An apple in London costs the same as a nights accommodation in Rhishikesh- a big double room with a private bathroom and hot shower.
That's how much an apple is here.

It blows my mind that I used to live this life- earn pounds... Spend pounds... Live this go go go life and drop 100 rupees on an apple like it was no big deal.

Michelle and I gasped when we spent 100,000 rupiah on 2 drinks.

It's all how you look at it, really.

I remember when Jamie and I were living here in London and I was itching to travel... Dying to go to India. Aching to experience Asia and the southern hemisphere.
Jamie would say "ya... But you have you entire life to travel zani! Why go right now!!? You can always travel later."

I could never see it his way no matter how hard I tried... And finally, while standing at the foot of my 25 year old girlfriend's deathbed at UCLA hospital - it all became abundantly clear to me.
I can't wait because there's no guarantee there will BE a later...
Today could be my last day on earth. So I have to make it count and do everything I want to do... Today.

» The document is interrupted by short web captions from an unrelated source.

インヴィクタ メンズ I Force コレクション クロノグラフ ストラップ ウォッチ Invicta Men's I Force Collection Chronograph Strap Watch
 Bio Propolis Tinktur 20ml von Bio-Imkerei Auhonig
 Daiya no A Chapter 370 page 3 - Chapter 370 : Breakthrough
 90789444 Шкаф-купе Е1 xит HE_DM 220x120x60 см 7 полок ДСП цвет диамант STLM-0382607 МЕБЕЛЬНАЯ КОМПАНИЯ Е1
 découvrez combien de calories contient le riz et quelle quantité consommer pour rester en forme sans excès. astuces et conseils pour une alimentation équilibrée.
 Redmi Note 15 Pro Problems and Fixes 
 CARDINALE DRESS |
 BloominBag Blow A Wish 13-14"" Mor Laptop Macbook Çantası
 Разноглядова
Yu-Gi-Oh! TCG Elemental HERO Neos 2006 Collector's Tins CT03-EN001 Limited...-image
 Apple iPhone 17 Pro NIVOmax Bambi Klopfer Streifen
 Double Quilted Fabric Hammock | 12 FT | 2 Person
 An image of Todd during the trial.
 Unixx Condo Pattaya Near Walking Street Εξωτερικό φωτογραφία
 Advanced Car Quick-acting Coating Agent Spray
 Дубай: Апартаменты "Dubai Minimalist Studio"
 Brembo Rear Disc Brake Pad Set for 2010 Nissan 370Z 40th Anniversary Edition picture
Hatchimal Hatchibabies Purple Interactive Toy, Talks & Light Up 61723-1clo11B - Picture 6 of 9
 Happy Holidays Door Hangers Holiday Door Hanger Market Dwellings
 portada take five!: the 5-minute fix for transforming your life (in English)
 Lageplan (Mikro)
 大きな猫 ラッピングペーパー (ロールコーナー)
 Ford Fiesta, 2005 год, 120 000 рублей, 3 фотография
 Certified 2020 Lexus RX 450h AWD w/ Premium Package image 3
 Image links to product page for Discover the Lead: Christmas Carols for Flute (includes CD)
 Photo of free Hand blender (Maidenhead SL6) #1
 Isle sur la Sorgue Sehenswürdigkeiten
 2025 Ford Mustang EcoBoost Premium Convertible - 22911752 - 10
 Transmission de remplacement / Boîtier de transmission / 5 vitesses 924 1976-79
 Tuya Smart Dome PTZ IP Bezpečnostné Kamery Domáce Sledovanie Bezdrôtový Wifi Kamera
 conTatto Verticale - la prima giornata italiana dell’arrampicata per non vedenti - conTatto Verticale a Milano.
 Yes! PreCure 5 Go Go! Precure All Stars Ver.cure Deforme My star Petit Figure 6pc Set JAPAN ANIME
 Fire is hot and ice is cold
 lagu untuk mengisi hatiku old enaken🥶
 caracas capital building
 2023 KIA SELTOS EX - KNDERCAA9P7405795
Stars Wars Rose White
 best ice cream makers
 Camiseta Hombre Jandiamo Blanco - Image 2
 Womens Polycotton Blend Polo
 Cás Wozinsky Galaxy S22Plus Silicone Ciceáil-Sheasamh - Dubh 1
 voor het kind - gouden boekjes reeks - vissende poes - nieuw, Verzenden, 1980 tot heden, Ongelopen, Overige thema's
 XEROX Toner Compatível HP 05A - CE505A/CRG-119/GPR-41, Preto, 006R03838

As Michelle and I walked (me hobbling on my cankles), ignoring the blisters and hypothermic hands... We found ourselves strolling through Saint James park with empty pockets... joking (but half seriously) looking for a soup kitchen that feeds homeless people, I realized that I am living.
I am so poor. Totally in debt. And never happier.

I don't know how long i have - but i know that if i have my entire life to do anything- I'd rather have my entire life to pay off the debt for my yesterday when I lived fully, joyously, and blissfully... Carefree and open hearted. Then waiting my entire life to live.

This is the way I made it here today. Charging it. (financially and metaphorically)

Bravely stepping one cankled foot in front of the next.


Saturday, December 10, 2011

...hands across the world

Last night- my last night in India.


We decided to head back to the guesthouse for a few hours before the sound circle... So bundled in our multicolor yaks wool blankets we left 'The Office' - which quite literally has become our tribe's office- one of us could always be found sitting on the balcony with an instrument, a steel mug of the best chai in Rhishikesh and an apple samosa (or the fly covered crumbs of one that was too good and tantalizing to even let it cool down before it was devoured)...

We walked down the semi covered Bazar walkway towards the bridge, passing the street vendors we have come to recognize, declining popcorn and prayer beads and pressing our palms together to wish "hari OM" to the crooked eyed Babas.

The night was brisk and the wind snapped and howled. The Ganges was violent and hostile looking- furious white caps and snakelike ripples charged down the sacred river to our left.
The sunset Aarti ceremony would soon be coming to a close as night fell... The bells and gongs and chanting would cease as the desperate to stay lit in this wind candle flames would be released into the river.
Soon the road we walked down would flood for a moment with sari wearing worshipers.
The peanut vendor prepared for the arrival of the mass.
An eerie street light hung over his stand and poured yellowish light down upon him and his steaming tray of peanuts and burning incense lifting smoke swirling up towards the light.
His dark brown hands patted the peanut shells from behind the curtain of smoke and light.

"Visual snapshot" I said to myself.

I do this sometimes. Drink in a moment. Taste it, roll it over my tongue and commit the image to my memory. Of all the magical images of that night, I'm not sure why I chose to enter the peanut vendor's hands to my sacred memory bank of snapshots but I did, and I'm fairly certain it's locked in for life.

We hung a quick right up past Joey's barber, waving hello and tiptoed down the perpetually urine smelling shortcut footpath we affectionately call "pee alley"... Emerging onto the dirt field that is always lovingly littered with young children playing cricket in the dirt - they somehow avoid the piles of cow dung with their light-footedness.

We ascended the narrow hill where silver monkeys with black faces sat and watched us curiously reconnecting with the main street at the magic tree - a gnarled, twisted huge mangrove-like tree at the top of Baba mountain that acts as a landmark for our friends.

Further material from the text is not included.